§ Task to carry out
In your copy, leave out the pictures and reproduce the listing below exactly.

### Data block ###

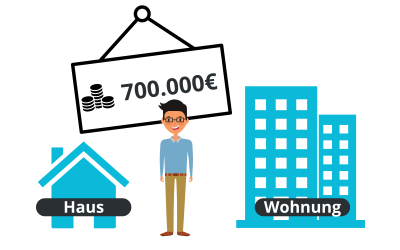 Rate bei einem 700.000€ Immobilienkredit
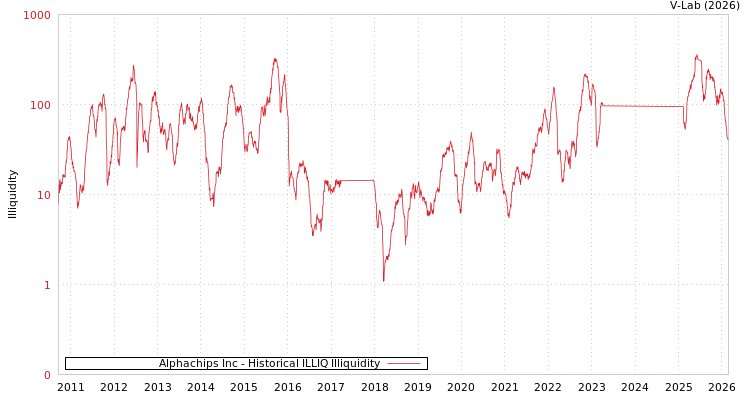 graph of Alphachips Inc ILLIQ-HIST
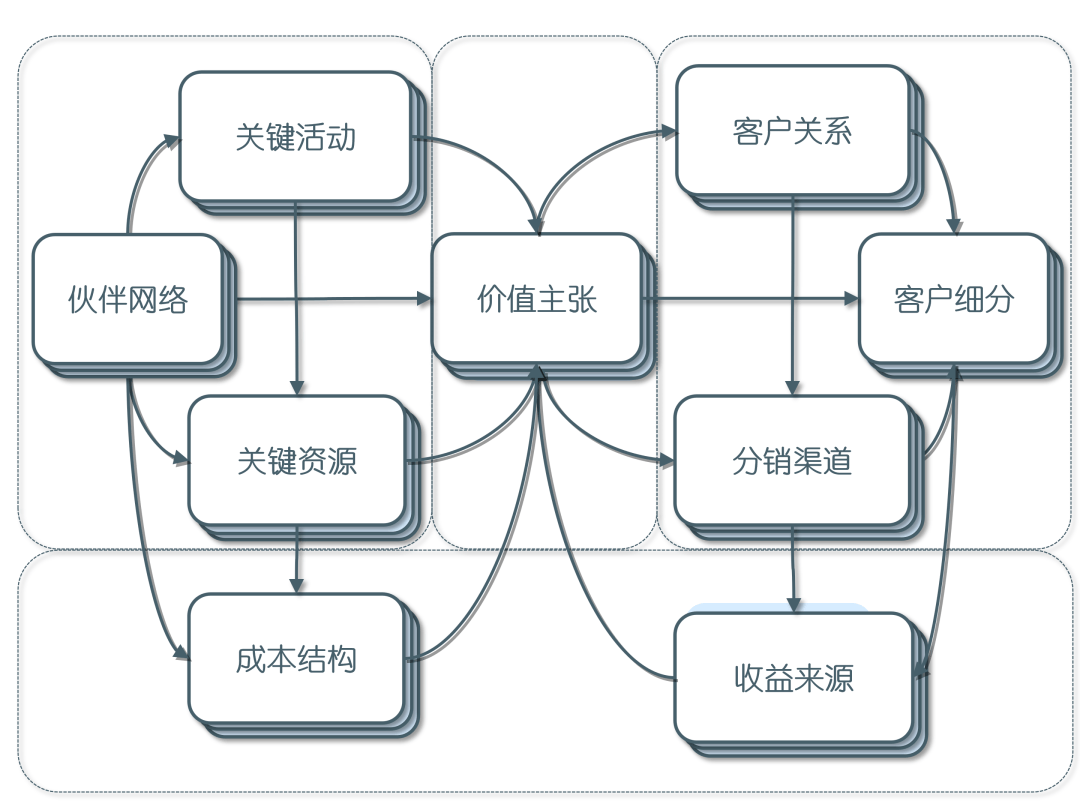 零售上市公司探寻数字化转型路径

###

§ Answer to the problem
 Rate bei einem 700.000€ Immobilienkredit
 graph of Alphachips Inc ILLIQ-HIST
 零售上市公司探寻数字化转型路径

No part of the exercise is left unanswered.